Travel diaries: sharp white cliffs and the Aegean Coast
I guess it's a typical travel story with the mandatory details in their right places: salty hair, watching the sea burst into a million pieces against sharp white rocks, peach juice dripping down skinny wrists, a vast and forgiving night sky, beaches that are never quite wild enough.
But it's also the story of how I saw myself in a sober, sharp and honest light for the first time in years. Suddenly, I recognised myself in the wide-eyed, sun-kissed reflection that was staring back at me from the dirty mirror of a farmhouse somewhere in rural Turkey. And for a few weeks, I let it all happen to me.
I said yes to an invite to ride up the coastline towards Greece. I held on tight when we sped past polluted lakes and fragrant pine forests. I ate ripe fruit and baklava that made my hands sticky and my head dizzy. I dove into the crystal-clear waters of an ancient cave and swam in the sea every day.

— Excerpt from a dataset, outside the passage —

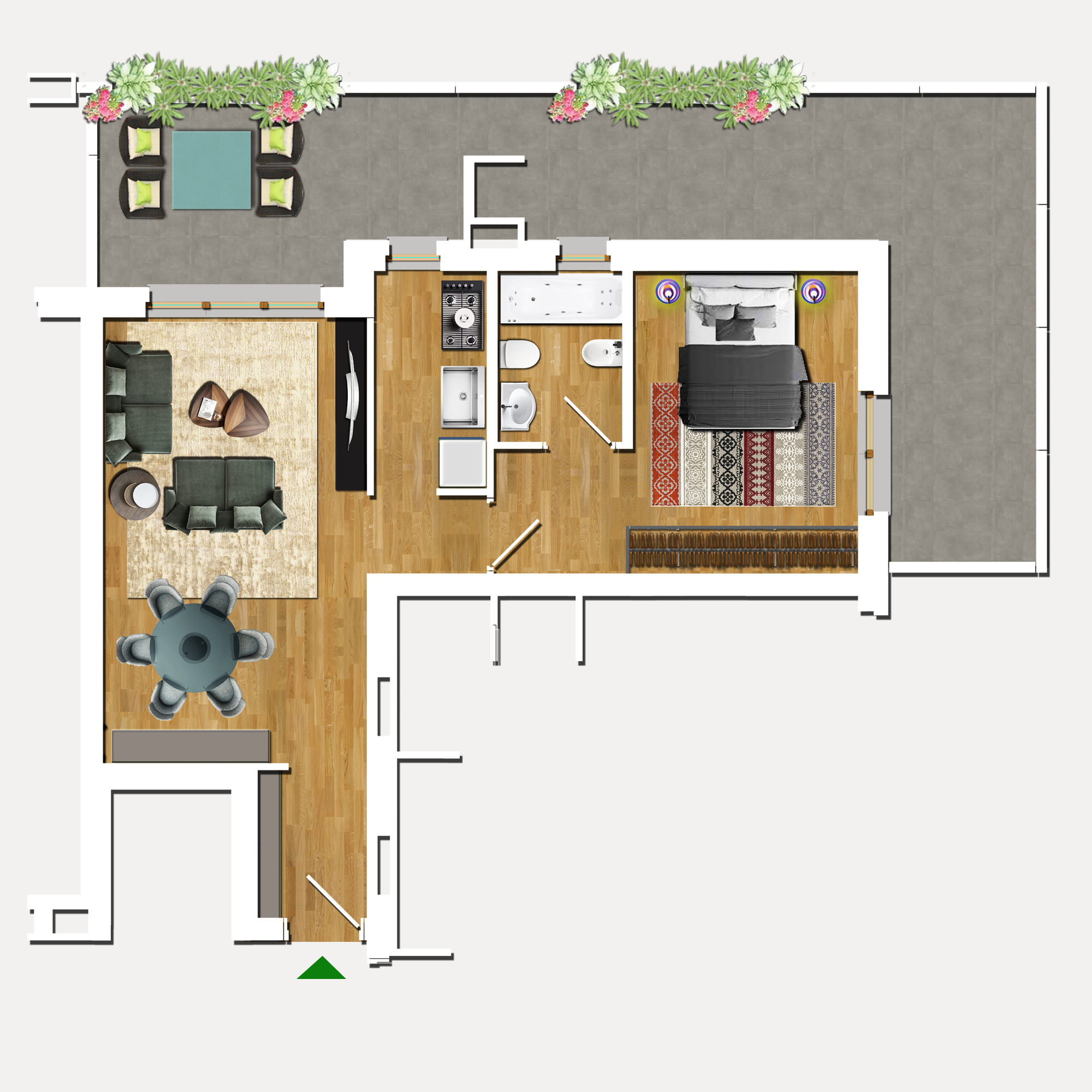 bilocale in vendita a Roma Sud Ovest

And after the accident on a dusty road somewhere on the Turkish countryside, I had to learn how to deal with not being able to deal with everything. I had to be helped into my sundress and out of it. I felt terrible but loved. The days were endless and only began in the afternoon when the sun weakened and the sparrows came out. On most, the boys played round after round of backgammon and smoked cigarettes in the garden as I nursed my snapped collarbone and dreamt of Agios Kirykos. In the evenings, we would walk far enough to find a small restaurant to try, play cards, have an occasional glass of Raki with an overly enthusiastic restaurateur and replay the best and worst moments of our day. At night, we would fall asleep to the steady hum of a cheap, rickety fan.

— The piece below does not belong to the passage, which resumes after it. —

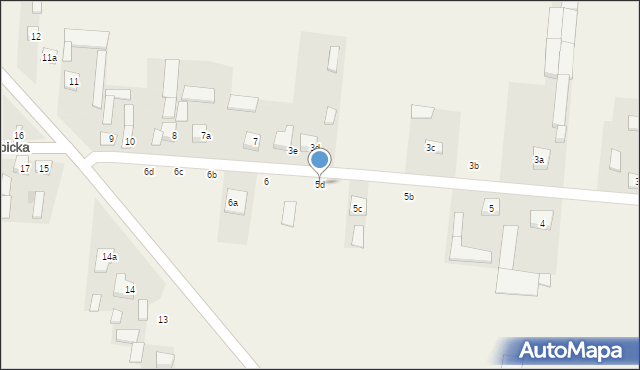 Niwa Babicka, Niwa Babicka, 5d, mapa Niwa Babicka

On my last day, we took a ferry across the bay and headed to a beach town we'd never heard of. We climbed over sharp white rocks to find a secret bay where I swam in the crystal-clear water in my red dress, seashells and sand in my hair. Later, the dress became our shield from the sun as M lifted it up high over our heads, the wind catching it like it a sail.
The waves were gentle and Greece was so close I felt like I could've swam there if I just tried hard enough.